In 1977, famed political theorist Hannah Arendt (1906-1975) published a thought-provoking book called The Life of the Mind. In it she contends that the life of the mind is coordinated by three agents that assume to justify the conditional behavior that each person effectuates in their every day lives. She claims that the mind goes through the process of Thinking, Willing, and Judging which dictate to the subconscious notations and underpinnings of our mind. With the onset of these three agents she investigates whether we as individuals are capable of discerning right from wrong not based on moral grounds, but by the human subconscious. Is it our natural right to posses the principal morals that discern what constitutes justifiable mannerisms? Or is it something that we learn to adapt within our judgment over time? Arendt proposes that if one of the three agents is overlooked the consequential nature of this occurrence will bring about a less than desirable outcome. For example, I can assume that those with a negative attitude always go by the pace of their own will, for they will before they judge. Without judgment one equates perceived truths as reality, where they accept the pain of despotism; pain is their only understanding. Whereas reacting upon our willing agent as the sole guise to conceptualizing our power of thought does not suffice to precipitate proper action. It is presumed that we need to rely on the consultation of our judging nature in order to not foster unqualified hopes.

Acting upon mental percepts without judging the will of our intentions, one acts in direct association of empty eyes. More so, it is possible they are not seeing the peculiarities that drive the mind to think in a certain way that facilitates the will to actionable undertakings; they are only able to understand the bodily reactions the mind feeds to the human brain. Without the onset of each of the three agents functioning in coordination with one another, the most dignified yet the most invisible concept will remain hidden: truth.

When examining our thinking agent, one precept Arendt tries to describe is the intramural warfare between common sense reasoning and speculative thinking. For example, she claims death is not understood from a feeling but from common sense reasoning. Although, some may say to understand death is to feel death, which is not a concept within our reasoning mind but an ethereal force that posits as a natural feeling that consumes all human beings. But if we examine this notion a little further, we can make the proposition that people cannot understand death until their consciousness is incapacitated by death itself. So how can we use conventional reason to perceive death by our senses if it if something that exceeds the capacity of our conscious reasoning? We can’t. On a rational level we can only understand death as forecasted by our common sense thinking because at this point in a human’s existence death is nothing more than a concept, not a feeling.
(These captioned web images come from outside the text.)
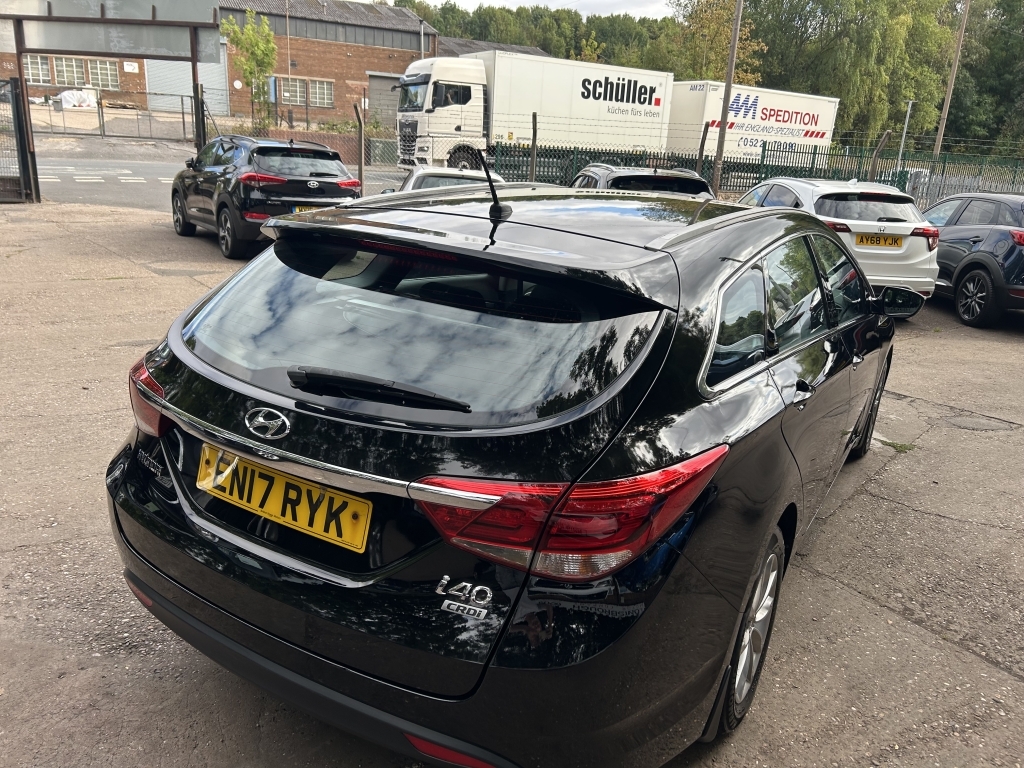 Hyundai I40 Estate 1.7 Crdi S Blue Drive Black #5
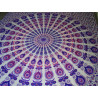 Cotton Wandbehang mit Buntglas und Cashmere lila Farbe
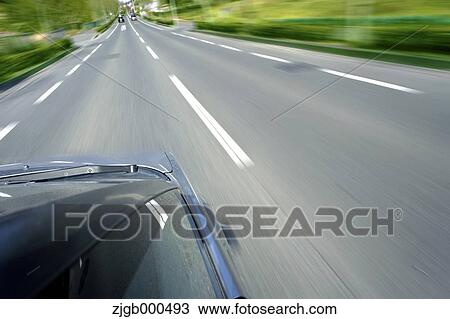 Stock Image - Car travelling. Fotosearch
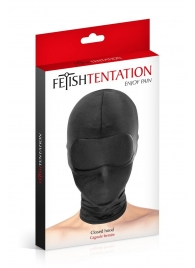 Сплошная маска-шлем с имитацией повязки для глаз - Fetish Tentation - купить с доставкой в Домодедово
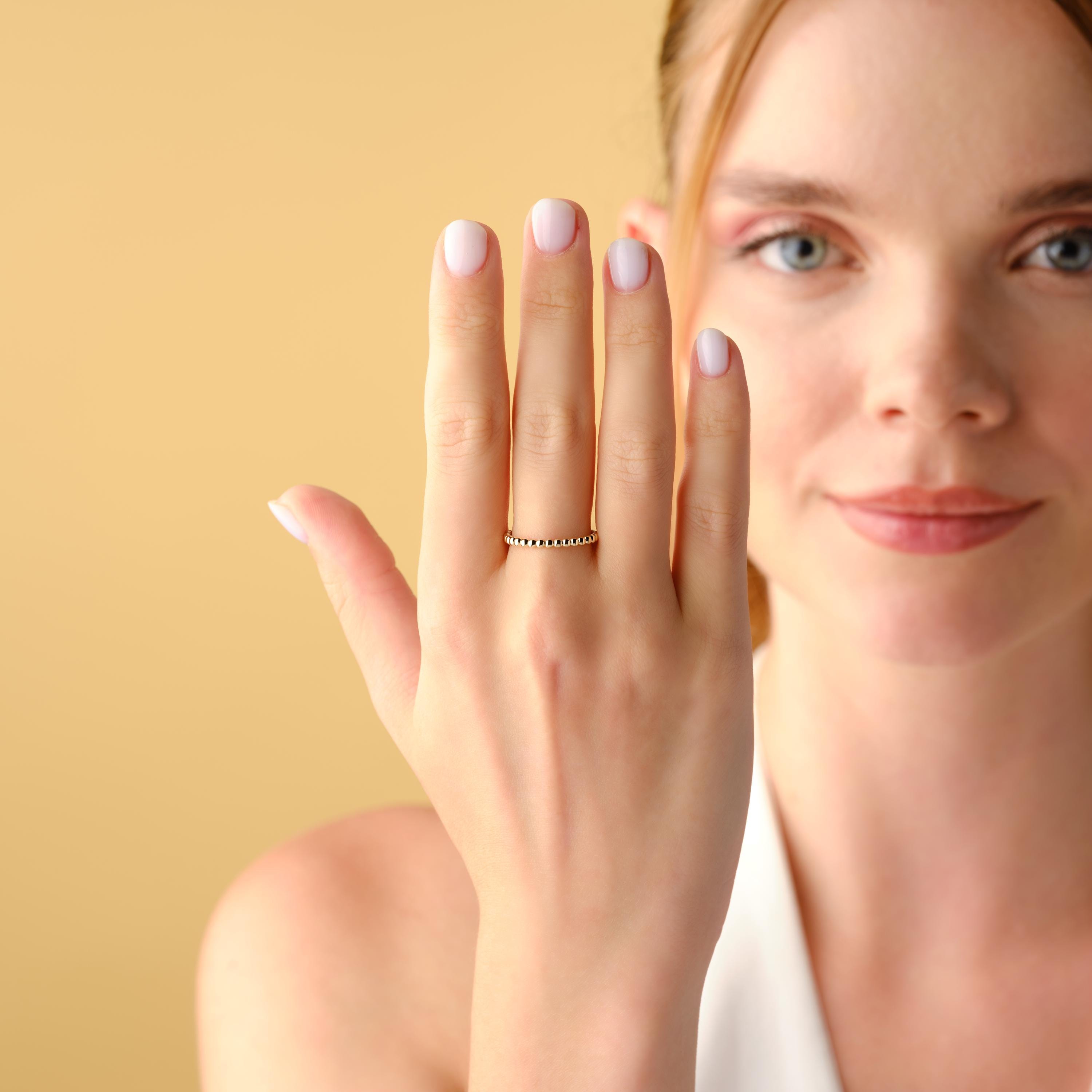 Solid Gold Stackable Wedding Ring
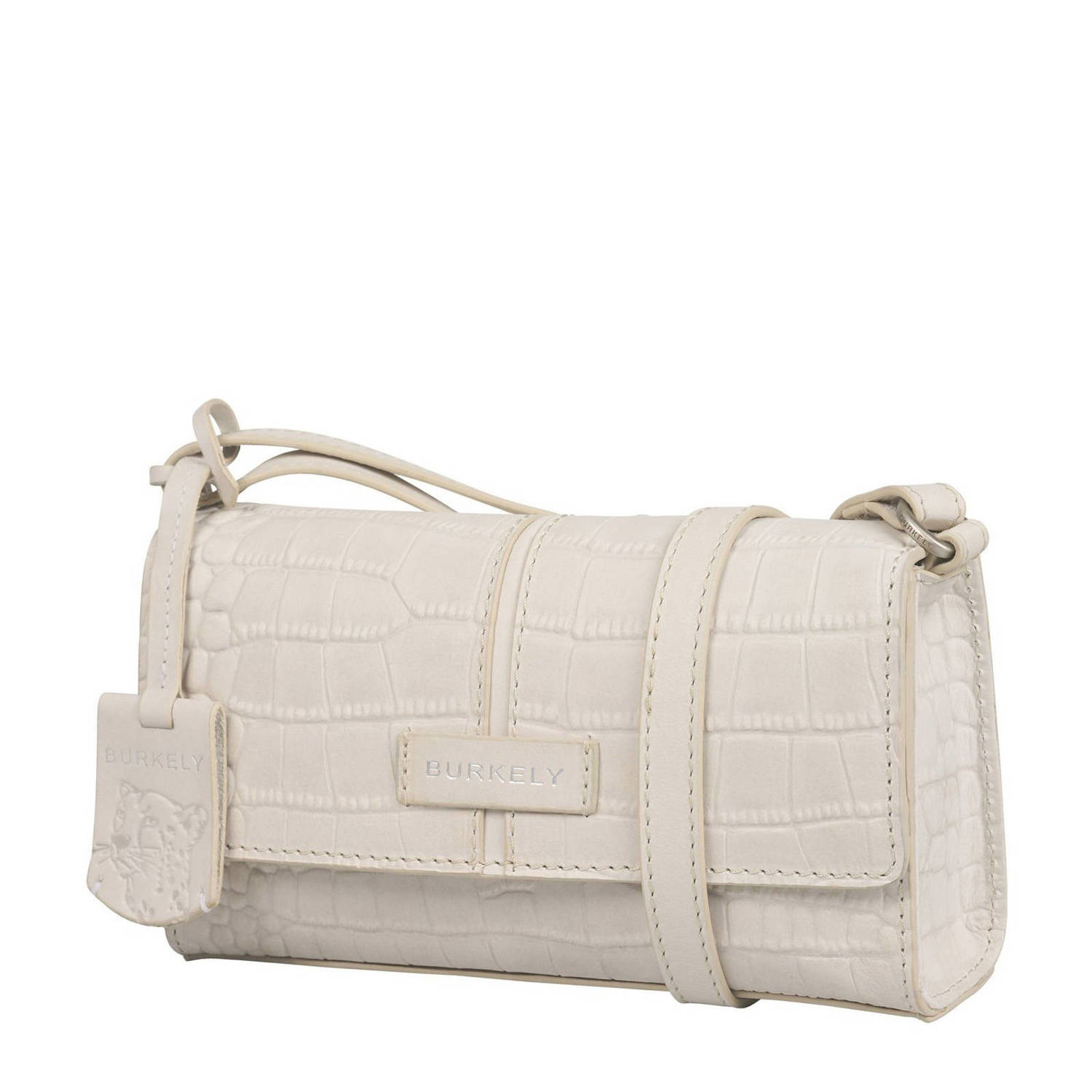 BURKELY leren crossbody tas Cool Colbie ecru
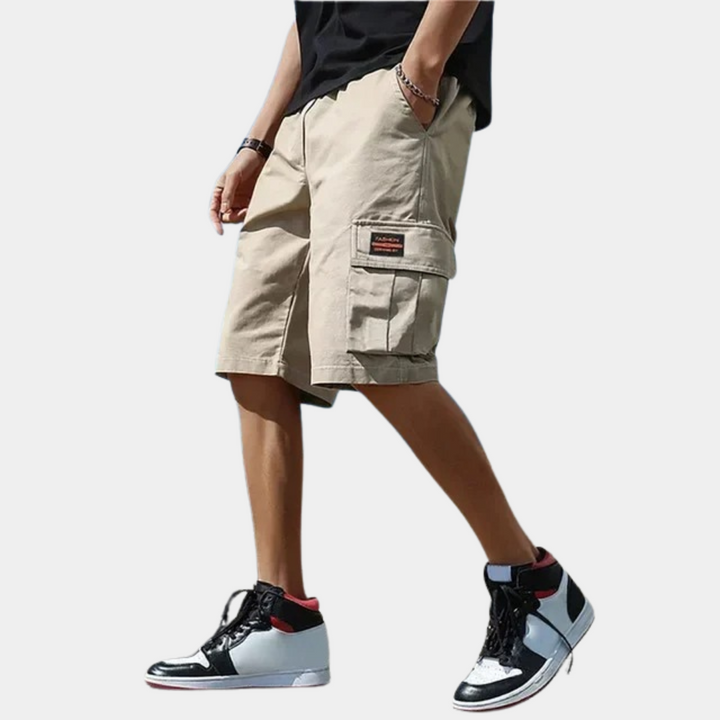 Levoire | Shorts cargo tendance pour hommes été pantalon court pour hommes Khaki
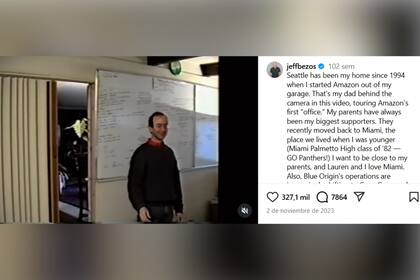 Bezos detalló los motivos de su mudanza a Florida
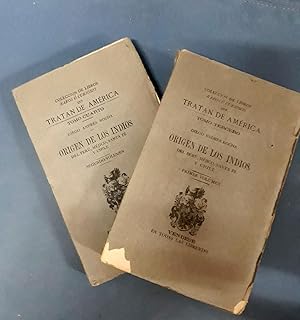 Imagen del vendedor de TRATADO NICO Y SINGULAR DEL ORIGEN DE LOS INDIOS del Per, Mjico, Santa Fe y Chile. I y II. Completo. a la venta por Itziar Arranz Libros & Dribaslibros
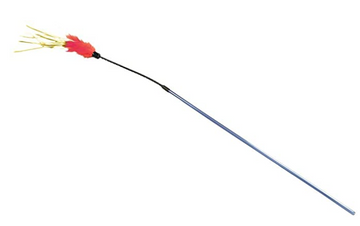 VEE PURRfect Cat Play Wand Bouncer Feather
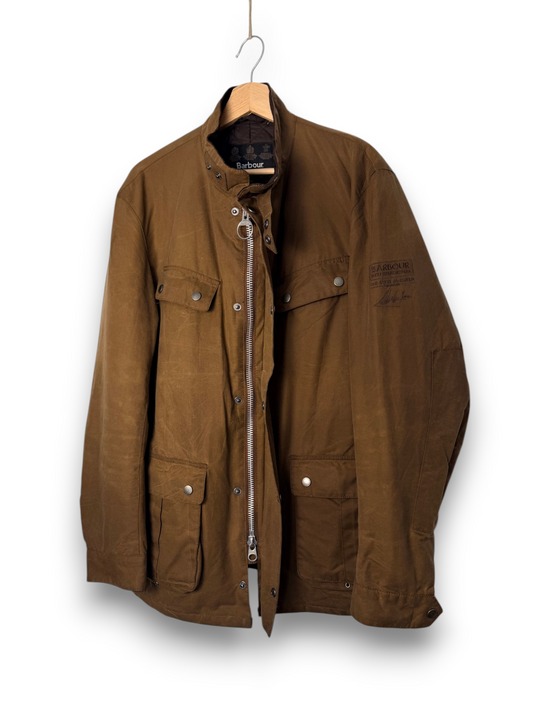 Barbour Duke Steve McQueen Collection Wax Jacket Sandstone XL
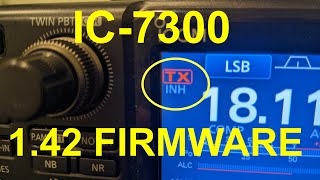 Icom IC7300 Firmware v142 NEW FEATURE [upl. by Llewkcor361]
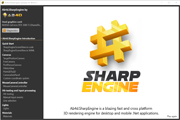 Introduction 3D animation of Ab4d.SharpEngine logo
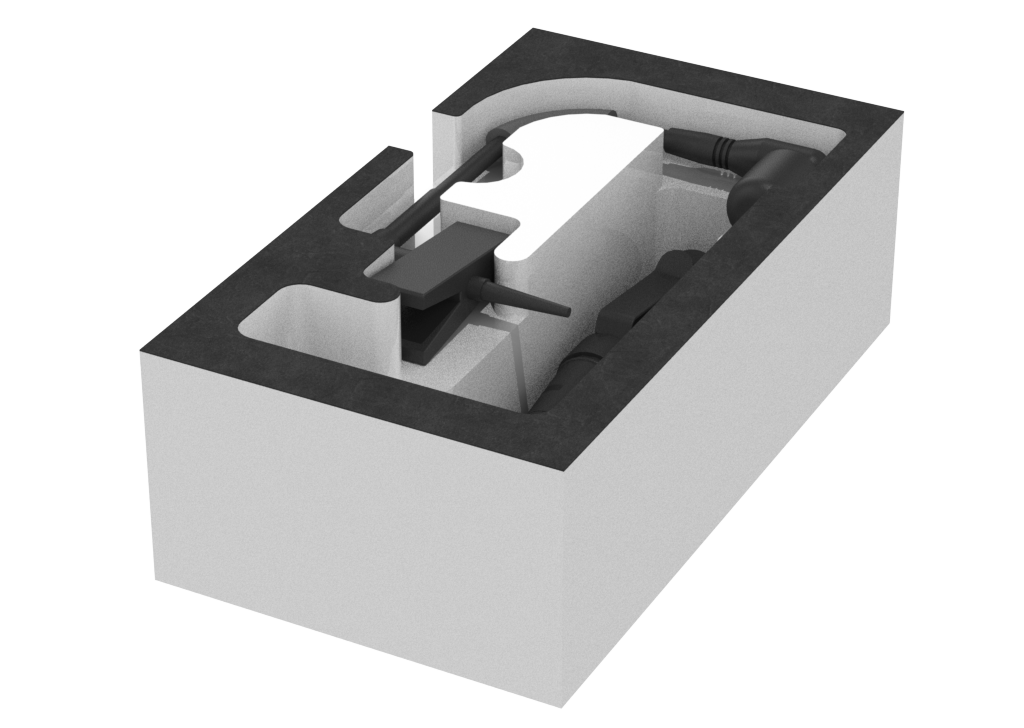 SANTOSOM Modular Foam 2U, 1x Shure Beta 98H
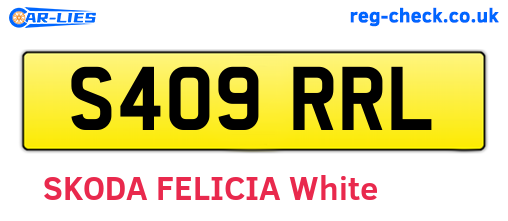 S409RRL are the vehicle registration plates.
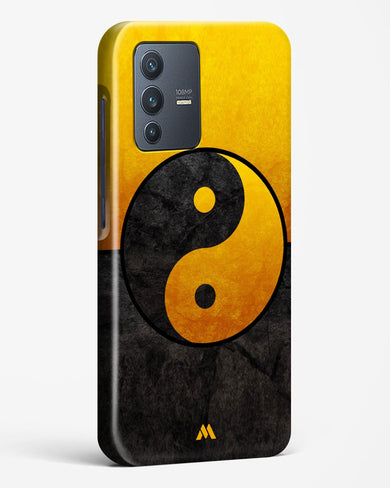 Yin Yang in Gold Hard Case Phone Cover-(Vivo)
More so, can speculative thinking be assimilated with John Locke’s emphasis on empiricism? I believe if we denote common sense reasoning as a faculty of rationalism, speculative thinking presides as a commodity of our sense experience by the indication of conjecture. When we express certain notions by the formation of a theory without sufficient evidence, we tend to rely on what our senses feed to the mind if we cannot assume proper associations with rationality.

In examination of our willing agent, Arendt tries to orient the clash between thinking and willing as the tonality of mental activities. She says that the thinking and willing agents do not easily co-exist because the willing stretches into the future where no certainties exist and thinking draws in its present what either is or has been. I assume that when we will, we coordinate the formation of our desires to interplay with the sustainment of our thinking. If we do this, our willing agent extends upon the facilitation of our thinking patterns, which may help bring the two agents into closer symmetry. Although, I agree with Arendt’s proposition that how we think and will do not intermingle on the assumption that these two agents forecast very different resonance within our minds.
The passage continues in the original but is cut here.